In deze uitspraak beoordeelt de Rechtbank Amsterdam het beroep van eiser tegen de aan hem opgelegde last onder dwangsom vanwege het verbod aanplakbiljetten aan te (laten) brengen in de openbare ruimte. Eiser, vertegenwoordigd door mr. A.A. Westers, heeft bezwaar gemaakt tegen het besluit van het college van burgemeester en wethouders van de gemeente Amsterdam, dat op 11 november 2021 een last onder dwangsom heeft opgelegd. Eiser heeft tegen dit besluit beroep ingesteld, nadat zijn verzoek om een voorlopige voorziening op 15 februari 2022 door de voorzieningenrechter was afgewezen.

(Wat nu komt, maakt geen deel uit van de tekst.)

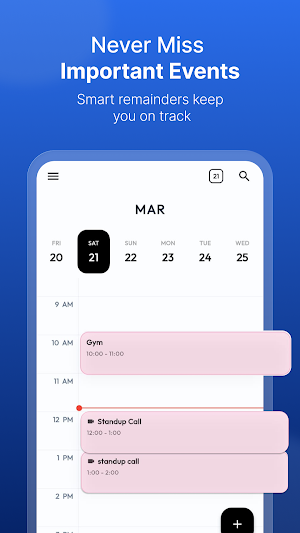 Calendar 2026 : Daily Planner Screenshot 2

De rechtbank heeft vastgesteld dat eiser op meerdere momenten op heterdaad is betrapt bij het aanbrengen van aanplakbiljetten op plekken waar dit niet is toegestaan, in strijd met artikel 4.7 van de Algemene Plaatselijke Verordening (APV). De rechtbank oordeelt dat het college bevoegd was om de last onder dwangsom op te leggen en dat eiser terecht als overtreder is aangemerkt. Eiser heeft aangevoerd dat de last onder dwangsom onterecht is opgelegd en dat er geen vrees voor herhaling bestaat, maar de rechtbank oordeelt dat de last voldoende concreet is geformuleerd en dat er geen bijzondere omstandigheden zijn die handhaving onterecht zouden maken.
De rechtbank concludeert dat het beroep ongegrond is en dat eiser geen recht heeft op terugbetaling van griffierecht of vergoeding van proceskosten. De uitspraak is gedaan door mr. M.H.W. Franssen op 8 december 2023, en een afschrift is verzonden aan de betrokken partijen.